(Data items)
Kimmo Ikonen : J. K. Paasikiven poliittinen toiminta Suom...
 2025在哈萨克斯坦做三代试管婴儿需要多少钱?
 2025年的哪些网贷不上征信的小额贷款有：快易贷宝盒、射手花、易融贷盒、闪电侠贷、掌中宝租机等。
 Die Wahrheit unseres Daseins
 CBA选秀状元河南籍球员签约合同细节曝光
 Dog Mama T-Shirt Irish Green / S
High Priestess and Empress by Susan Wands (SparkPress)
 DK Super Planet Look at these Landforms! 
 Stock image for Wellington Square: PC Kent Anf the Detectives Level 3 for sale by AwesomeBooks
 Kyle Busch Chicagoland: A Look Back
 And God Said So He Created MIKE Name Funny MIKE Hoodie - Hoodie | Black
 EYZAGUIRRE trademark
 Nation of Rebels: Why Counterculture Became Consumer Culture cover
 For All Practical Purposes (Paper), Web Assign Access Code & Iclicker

## About this task
Among the records, find each line where the word "Look" occurs, and copy it.

## Solution below
 DK Super Planet Look at these Landforms! 
 Kyle Busch Chicagoland: A Look Back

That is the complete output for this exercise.